«Exercer son activité professionnelle comme un travailleur indépendant, tout en bénéficiant du statut de salarié». «Disposer de la protection sociale d’un employé avec les avantages du statut d’indépendant». Bien établies en France, les sociétés de portage salarial font petit à petit leur nid de ce côté-ci de la frontière aussi.
Ce «nouveau» mode de travail serait donc une solution miracle qui permet à un indépendant d’être considéré comme un salarié du point de vue des assurances sociales, et donc d’obtenir, en cas de pépin, une protection plus étendue. Tout en conservant justement ledit statut d’indépendant, mais sans avoir à s’occuper des charges administratives qui lui incombent.
Relation à trois
Le fonctionnement est le suivant: le travailleur délègue à une société de portage l’encaissement de ses honoraires auprès de clients avec lesquels il a conclu un mandat ainsi que l’acquittement de ses charges sociales (AVS/AI, LPP, APG, etc.). En somme, il s’agit d’une relation de travail à trois entre le porté (le travailleur), son client et l’entreprise de portage.
Pour se rémunérer, celle-ci prélève une commission comprise entre 5% et 15% sur le montant des mandats conclus entre le porté et ses clients, avant de reverser le solde au travailleur, sous la forme d’un versement mensuel, qui devient alors salarié de l’entreprise. Le véritable employé ne doit, lui, pas s’acquitter d’une telle commission.
Mais, ce n’est pas tout! Le salarié porté assume également l’entier des cotisations à l’AVS et au 2e pilier. Un salarié normal, lui, ne doit en supporter que la moitié, l’autre moitié étant prise en charge par son employeur. Pour une personne de 40 ans, cela représentera, par exemple, 9,7% pour l’AVS/AI/APG et 10% pour la LPP.

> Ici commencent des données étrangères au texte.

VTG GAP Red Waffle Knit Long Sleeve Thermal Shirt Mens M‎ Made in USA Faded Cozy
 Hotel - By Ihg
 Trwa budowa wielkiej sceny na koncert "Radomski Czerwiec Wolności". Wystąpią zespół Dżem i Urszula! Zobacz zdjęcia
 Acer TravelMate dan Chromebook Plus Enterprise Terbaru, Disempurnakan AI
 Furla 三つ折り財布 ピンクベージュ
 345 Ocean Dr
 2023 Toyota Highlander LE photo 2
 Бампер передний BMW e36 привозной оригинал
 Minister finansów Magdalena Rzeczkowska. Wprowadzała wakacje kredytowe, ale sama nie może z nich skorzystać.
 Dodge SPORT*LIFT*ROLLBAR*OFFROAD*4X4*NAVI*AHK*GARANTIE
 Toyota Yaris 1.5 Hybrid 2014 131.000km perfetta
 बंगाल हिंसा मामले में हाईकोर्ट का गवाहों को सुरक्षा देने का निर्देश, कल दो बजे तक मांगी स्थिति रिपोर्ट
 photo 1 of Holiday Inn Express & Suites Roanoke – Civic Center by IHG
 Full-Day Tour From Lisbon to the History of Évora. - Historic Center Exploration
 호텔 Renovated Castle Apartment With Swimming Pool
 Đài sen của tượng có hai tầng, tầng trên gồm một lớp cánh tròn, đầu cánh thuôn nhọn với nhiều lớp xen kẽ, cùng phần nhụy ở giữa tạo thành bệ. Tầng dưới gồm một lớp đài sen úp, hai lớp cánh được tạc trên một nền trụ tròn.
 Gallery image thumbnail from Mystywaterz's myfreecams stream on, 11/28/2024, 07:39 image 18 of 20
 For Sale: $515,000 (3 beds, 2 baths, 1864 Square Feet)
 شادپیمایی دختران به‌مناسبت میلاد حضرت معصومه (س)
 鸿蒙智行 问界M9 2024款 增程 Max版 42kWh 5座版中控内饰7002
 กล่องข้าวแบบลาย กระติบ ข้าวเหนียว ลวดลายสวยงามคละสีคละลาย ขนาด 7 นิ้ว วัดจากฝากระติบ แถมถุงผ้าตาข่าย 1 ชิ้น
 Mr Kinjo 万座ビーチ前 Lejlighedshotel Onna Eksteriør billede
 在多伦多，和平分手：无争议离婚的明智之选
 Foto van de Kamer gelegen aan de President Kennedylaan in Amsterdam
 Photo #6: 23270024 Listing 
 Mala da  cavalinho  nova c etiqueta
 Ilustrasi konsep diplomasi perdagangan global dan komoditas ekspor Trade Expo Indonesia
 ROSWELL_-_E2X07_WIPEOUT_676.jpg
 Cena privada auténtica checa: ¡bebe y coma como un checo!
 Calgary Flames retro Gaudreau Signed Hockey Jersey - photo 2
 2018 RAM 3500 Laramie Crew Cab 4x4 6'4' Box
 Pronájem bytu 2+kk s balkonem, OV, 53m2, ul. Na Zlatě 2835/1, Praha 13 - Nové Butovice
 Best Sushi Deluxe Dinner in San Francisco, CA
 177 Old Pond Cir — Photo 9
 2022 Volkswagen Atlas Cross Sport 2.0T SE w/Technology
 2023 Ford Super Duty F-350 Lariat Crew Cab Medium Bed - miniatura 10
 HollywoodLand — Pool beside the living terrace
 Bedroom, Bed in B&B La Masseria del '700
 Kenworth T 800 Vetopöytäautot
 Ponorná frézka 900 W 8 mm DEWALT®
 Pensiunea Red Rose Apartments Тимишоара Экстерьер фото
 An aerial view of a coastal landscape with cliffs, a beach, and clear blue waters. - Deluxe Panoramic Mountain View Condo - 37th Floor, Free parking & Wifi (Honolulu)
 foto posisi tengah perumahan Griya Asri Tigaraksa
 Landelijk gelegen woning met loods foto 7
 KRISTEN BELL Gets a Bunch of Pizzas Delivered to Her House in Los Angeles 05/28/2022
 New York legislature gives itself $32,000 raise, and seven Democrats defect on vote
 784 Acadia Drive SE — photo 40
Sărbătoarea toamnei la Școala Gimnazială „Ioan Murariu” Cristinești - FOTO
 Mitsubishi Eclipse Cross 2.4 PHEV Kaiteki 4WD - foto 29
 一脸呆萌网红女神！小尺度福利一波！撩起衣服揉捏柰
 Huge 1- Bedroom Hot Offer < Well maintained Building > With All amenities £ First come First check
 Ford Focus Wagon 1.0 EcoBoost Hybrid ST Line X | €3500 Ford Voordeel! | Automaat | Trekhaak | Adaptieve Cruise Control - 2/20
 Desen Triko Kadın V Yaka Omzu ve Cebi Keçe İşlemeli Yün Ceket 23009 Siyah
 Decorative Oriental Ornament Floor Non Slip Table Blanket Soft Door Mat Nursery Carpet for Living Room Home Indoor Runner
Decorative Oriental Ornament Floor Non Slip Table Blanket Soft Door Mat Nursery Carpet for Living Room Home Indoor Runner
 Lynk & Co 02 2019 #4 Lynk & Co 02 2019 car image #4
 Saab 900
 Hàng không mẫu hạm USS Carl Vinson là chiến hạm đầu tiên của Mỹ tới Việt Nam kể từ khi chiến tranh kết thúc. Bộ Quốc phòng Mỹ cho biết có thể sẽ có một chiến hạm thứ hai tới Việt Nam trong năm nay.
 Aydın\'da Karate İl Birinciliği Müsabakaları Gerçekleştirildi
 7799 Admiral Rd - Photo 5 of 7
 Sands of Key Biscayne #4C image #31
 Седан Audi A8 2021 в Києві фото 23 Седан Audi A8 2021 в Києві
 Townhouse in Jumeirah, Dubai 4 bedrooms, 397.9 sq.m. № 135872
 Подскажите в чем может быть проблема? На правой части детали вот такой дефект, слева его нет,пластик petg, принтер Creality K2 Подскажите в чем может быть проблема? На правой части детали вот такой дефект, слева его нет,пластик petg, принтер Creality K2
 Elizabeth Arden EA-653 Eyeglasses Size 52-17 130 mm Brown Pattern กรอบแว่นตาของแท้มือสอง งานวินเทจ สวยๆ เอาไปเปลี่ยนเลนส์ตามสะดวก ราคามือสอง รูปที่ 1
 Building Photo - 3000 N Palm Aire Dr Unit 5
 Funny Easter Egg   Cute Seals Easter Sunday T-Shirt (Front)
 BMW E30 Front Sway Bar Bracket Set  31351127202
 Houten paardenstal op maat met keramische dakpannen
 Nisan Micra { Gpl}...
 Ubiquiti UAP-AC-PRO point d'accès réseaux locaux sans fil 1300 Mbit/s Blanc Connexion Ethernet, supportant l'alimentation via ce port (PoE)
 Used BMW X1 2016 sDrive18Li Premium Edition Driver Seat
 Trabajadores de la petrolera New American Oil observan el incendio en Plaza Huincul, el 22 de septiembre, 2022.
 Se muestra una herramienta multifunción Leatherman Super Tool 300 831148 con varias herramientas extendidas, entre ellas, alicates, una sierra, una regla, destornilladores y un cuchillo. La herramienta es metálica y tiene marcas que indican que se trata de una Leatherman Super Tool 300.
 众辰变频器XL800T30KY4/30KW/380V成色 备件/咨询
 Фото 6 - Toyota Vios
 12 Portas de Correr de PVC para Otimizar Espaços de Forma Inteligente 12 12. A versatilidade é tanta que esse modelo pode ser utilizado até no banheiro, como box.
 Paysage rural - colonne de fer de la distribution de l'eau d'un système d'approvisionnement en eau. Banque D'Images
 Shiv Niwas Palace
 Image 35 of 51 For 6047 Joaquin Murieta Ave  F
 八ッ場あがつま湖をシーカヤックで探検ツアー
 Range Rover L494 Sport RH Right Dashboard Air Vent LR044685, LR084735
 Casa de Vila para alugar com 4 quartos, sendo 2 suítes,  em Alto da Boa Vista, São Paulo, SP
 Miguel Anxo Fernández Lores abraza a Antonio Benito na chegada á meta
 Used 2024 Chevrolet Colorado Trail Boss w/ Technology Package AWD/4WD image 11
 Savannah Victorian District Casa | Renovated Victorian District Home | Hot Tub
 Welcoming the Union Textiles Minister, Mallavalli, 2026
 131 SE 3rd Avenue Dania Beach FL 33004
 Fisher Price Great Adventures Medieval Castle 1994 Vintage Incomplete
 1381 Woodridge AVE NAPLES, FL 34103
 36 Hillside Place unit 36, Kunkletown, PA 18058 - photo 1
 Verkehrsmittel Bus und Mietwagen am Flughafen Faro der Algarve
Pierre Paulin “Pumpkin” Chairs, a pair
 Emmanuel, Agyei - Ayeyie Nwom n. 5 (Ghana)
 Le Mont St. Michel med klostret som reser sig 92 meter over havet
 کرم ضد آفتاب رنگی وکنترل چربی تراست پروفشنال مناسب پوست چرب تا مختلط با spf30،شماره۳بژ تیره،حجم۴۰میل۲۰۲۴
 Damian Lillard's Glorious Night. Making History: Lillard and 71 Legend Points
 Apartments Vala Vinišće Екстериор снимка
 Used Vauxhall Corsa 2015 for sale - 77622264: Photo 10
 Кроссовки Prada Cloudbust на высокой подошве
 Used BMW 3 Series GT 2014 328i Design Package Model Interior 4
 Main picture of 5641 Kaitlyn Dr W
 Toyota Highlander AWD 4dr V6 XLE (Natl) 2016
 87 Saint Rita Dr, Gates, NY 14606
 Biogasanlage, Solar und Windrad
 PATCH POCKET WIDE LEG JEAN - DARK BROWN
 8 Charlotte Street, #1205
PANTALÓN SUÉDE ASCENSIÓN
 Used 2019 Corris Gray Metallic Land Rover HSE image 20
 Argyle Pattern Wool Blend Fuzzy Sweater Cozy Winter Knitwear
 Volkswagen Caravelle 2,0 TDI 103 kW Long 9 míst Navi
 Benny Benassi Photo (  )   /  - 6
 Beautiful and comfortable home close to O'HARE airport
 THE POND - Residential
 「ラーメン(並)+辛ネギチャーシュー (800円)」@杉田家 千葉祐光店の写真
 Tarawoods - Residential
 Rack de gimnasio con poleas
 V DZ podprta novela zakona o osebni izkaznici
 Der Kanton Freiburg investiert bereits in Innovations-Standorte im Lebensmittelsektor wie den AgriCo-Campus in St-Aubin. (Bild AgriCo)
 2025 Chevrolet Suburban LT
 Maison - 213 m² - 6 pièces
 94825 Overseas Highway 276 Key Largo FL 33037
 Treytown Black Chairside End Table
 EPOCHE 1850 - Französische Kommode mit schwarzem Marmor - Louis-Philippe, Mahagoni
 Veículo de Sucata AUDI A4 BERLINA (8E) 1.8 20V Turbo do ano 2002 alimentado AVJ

Et, les mauvaises surprises pourraient bien ne pas s’arrêter là. Si le travailleur porté perdait ses mandats, il devrait en toute logique pouvoir prétendre aux indemnités de chômage en sa qualité de salarié. C’est du moins l’avis du Secrétariat d’Etat à l’économie (Seco), qui assimile le portage salarial à de la location de service classique. Mais, il ne s’agit là que d’un avis et au conditionnel, qui plus est!
Flou juridique
En effet, «le portage salarial ne bénéficie actuellement d’aucun statut juridique en Suisse, met en garde Stéphanie Fuld, avocate, spécialiste en droit du travail. Cette absence de réglementation requiert donc la plus grande prudence. La personne portée a certes l’impression d’être un véritable employé. Dans les faits toutefois, il n’est pas certain que cette qualité lui soit reconnue par les autorités sociales compétentes.» Car, en droit, ce qui distingue le salarié de l’indépendant n’est pas le genre de contrat passé mais deux critères principaux: la subordination et l’absence de risque économique. Or, à moins que le travailleur porté ne doive se soumettre à un certain nombre d’instructions fixées par la société de portage (horaires de travail, objectifs à remplir, rapports à rédiger, etc.), il n’est pas certain que ce lien de subordination lui soit reconnu. Idem pour l’absence de risque économique, puisque c’est le travailleur porté qui doit trouver lui-même l’entier de sa clientèle.
Interpellé, l’Office fédéral des assurances sociales (OFAS) admet, de son côté, qu’il n’a, «à ce jour, été confronté à aucun cas concret et que, à sa connaissance, aucun tribunal d’assurances sociales en Suisse n’a eu à se prononcer sur un tel cas de portage salarial». En revanche, il se dit «volontiers prêt à se prononcer sur des cas concrets si on les lui soumet par écrit. Ainsi, il pourra peut-être mieux comprendre comment les cotisations sociales sont prélevées par les entreprises de portage salarial».